Sunday, October 21, 2007

Notes (a tad overdue)

I've been interviewing people on the phone, recording through Audacity, but it's not clear enough. After getting frustrated with recording, I decided to send out a survey to some past and present members of AMOJI instead. I'm waiting for responses. For now, here are excepts from 3 interviews that I think are useful (I'll post the interviews in their entirety later, I promise!):

From Sophia, the founder of AMOJI.

Jess: What is more appealing to you, the looks, or the music itself?
Sophia: well.. I usually listen to the music before I see what the artist looks like
Sophia: so.. I still don't know what A Perfect Circle / Sevendust and such looks like. and I didn't know what Dir en grey looked like when I started out.
Jess: So, looks were always secondary?
Sophia: for me, yeah. looks were a plus
Sophia: but not the main thing that enticed me
Sophia: there are fans that just loves the looks though
Sophia: and though the VK fanbase is all over the world, we'd be kidding ourselves if we said we didn't love the uniqueness and .. emphasis? on looks the bands have
Sophia: a lot of the fans are also adolescents. but I think it's more because it's during this age teens find new stuff to wrap themselves as opposed to the performers intentionally seeking out this age group

From "Mark." He was 17 when he first joined AMOJI.

Jess: So, tell me a little about what you liked in the club's choice of music.
Mark: The interesting thing about the bands that Sophia introduced to me is that the music speaks to you; the music has meaning beyond the words that are spoken. Despite not being able to understand Japanese, the music has a quality that allows it to be understood

From "Ann." She was 16 when she joined AMOJI.

Jess: In particular, tell me about your musical experiences there. (Do you find new music to listen to? Do you bring your own music for others to sample? How do you feel about the musical atmosphere?)
Ann: I started listening to some of the artists that were introduced to me there - i.e. DBSK [a Korean boy band]. I didn't go to the club that many times to bring my own music in to share, but Sophia had a nice way of bringing in all different kinds of music genres, and not all just from one.
Jess: What's so appealing about such performers?
Ann: They were super hot in the "Triangle" video and have pretty voices.

Short analysis: Music always comes first -- but looks still bind the youth culture together.

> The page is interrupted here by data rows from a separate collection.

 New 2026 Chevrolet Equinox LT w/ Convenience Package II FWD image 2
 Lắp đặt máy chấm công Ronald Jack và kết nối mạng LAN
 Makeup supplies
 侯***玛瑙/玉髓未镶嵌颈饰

Oh, and I was wrong in the first post: AMOJI was created in 2005, not 2003. Sophia had started a club in 2003 as well, but that one had nothing to do with AMOJI. I just got them mixed up. Sorry!


Here's a running list of articles I've found useful:

Mitchell, Tony. 1989. “Performance and the Postmodern in Pop Music.” Theatre Journal, Vol. 41, No. 3, pp. 273-293.

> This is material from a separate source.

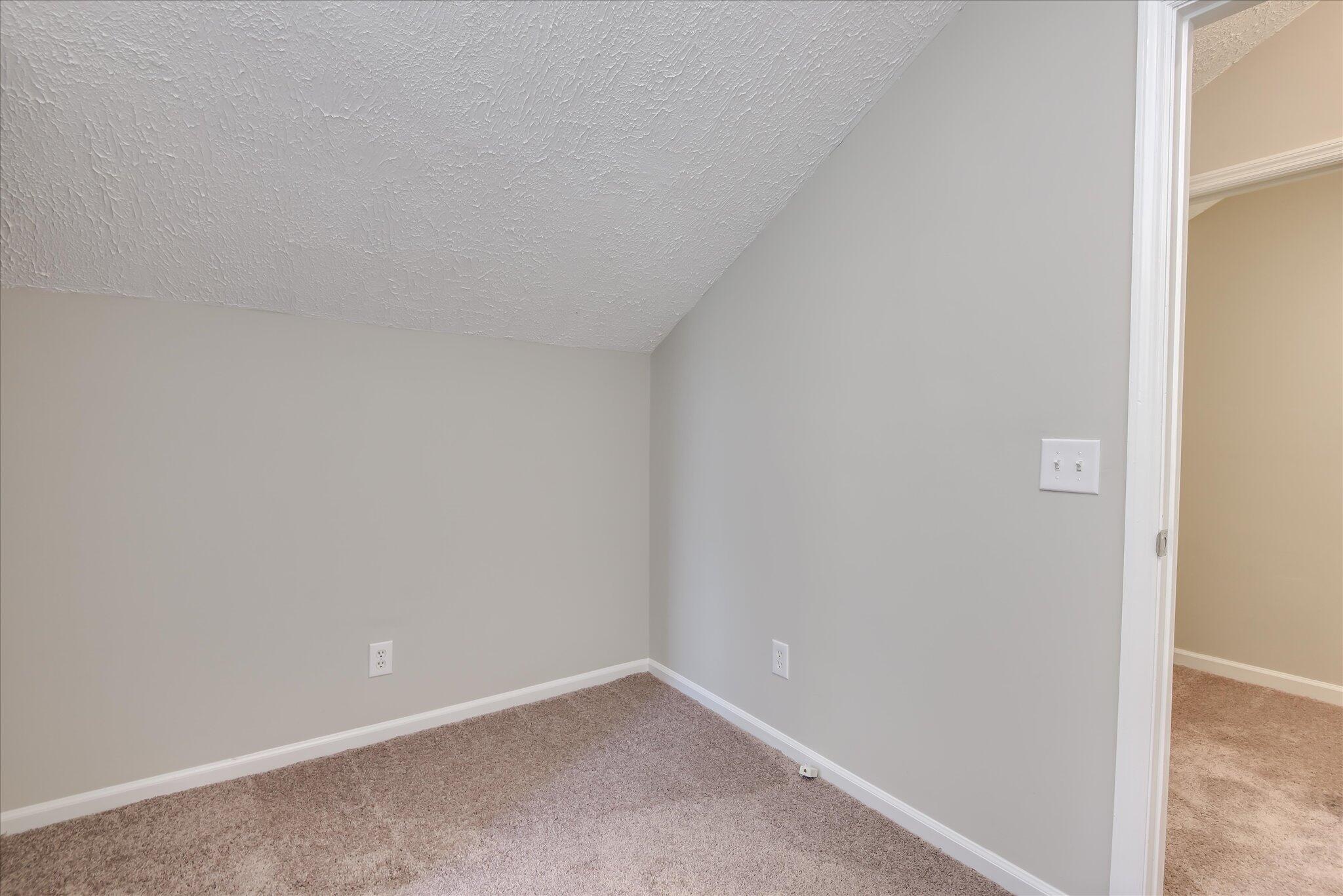 325 Longleaf Court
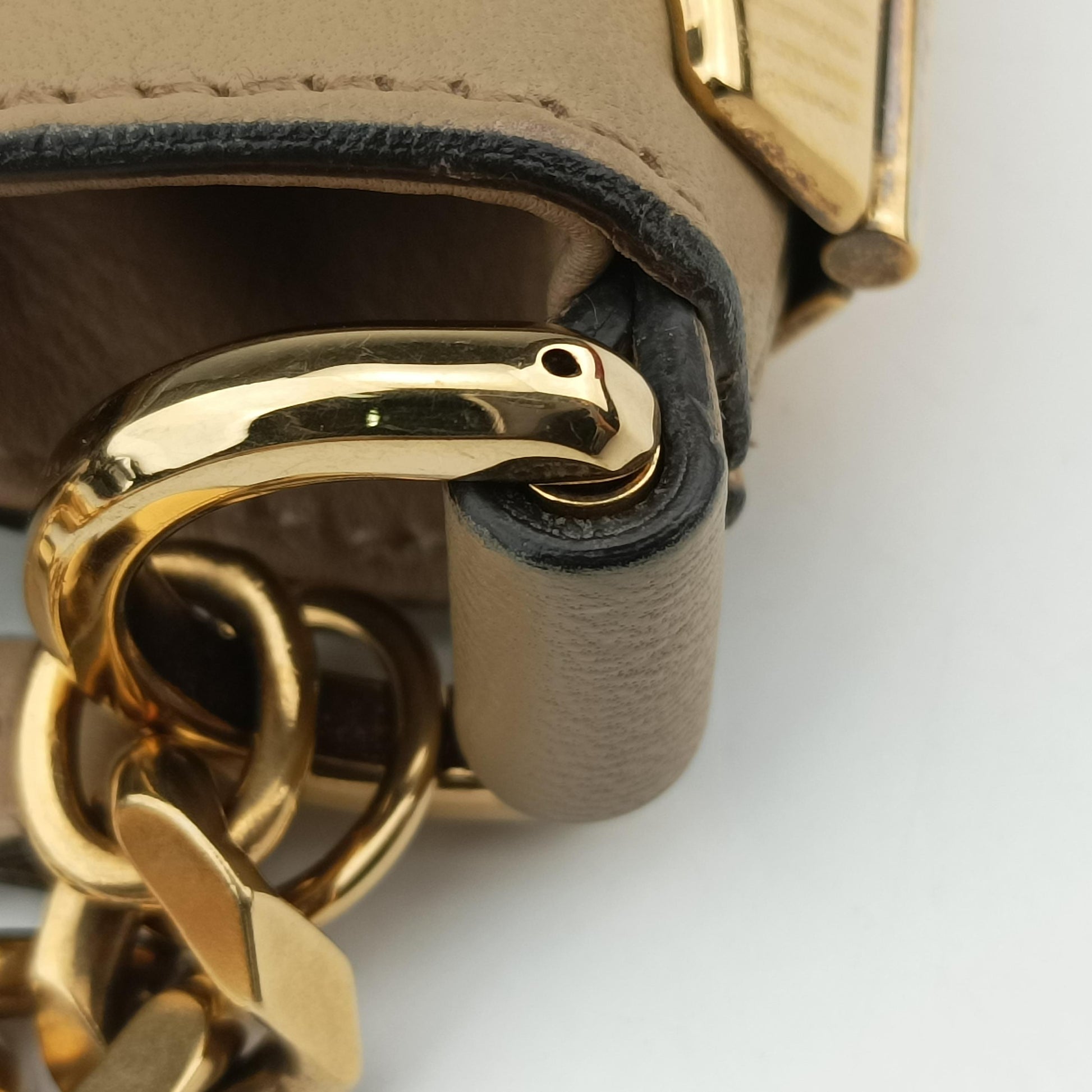 Large 1970 beige Leather 290681 C0002420ラージ 1970 ベージュ レザー 290681 C0002420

Auslander, Philip. 2006. “Music as Performance: Living in the Immaterial World.” Theatre Survey, Vol. 47, No. 2, pp. 261-269.

O’Connor, Alan. 2002. “Local Scenes and Dangerous Crossroads: Punks and Theories of Cultural Hybridity.” Popular Music, Vol. 21, No. 2, pp. 225-236.

Hollands, Robert. 2002. “Divisions in the Dark: Youth Cultures, Transitions and Segmented Consumption Spaces in the Night-Time Economy.” Journal of Youth Studies, Vol. 5, No. 2, pp. 153-171.

Monday, September 24, 2007

All Music Of Jammin' Internations

AMOJI, All Music Of Jammin' Internations, is a student-run organization at Boston Latin School that emphasizes on sharing and spreading international art and music. When the club was first created in 2003, the focus was on Japan -- its music, its manga, its fashion. Although AMOJI is a school-based group, the members regularly attend performances by local and mainstream music artists outside of school. During high school, I was only a part-time participant; I occassionaly dropped by during their Wednesday afternoon gatherings, stayed to watch a music video or two, then went on my way. Still, I felt a connection to the other members of AMOJI because we all had something in common -- an arguably obsessive love for the visual appeals of artists and their performances: clothing, makeup, the way they sing, the way they dance. For this project, I hope to explore this obssession, find out why high school students aged 13 to 18 are so drawn to the visual aspects of music.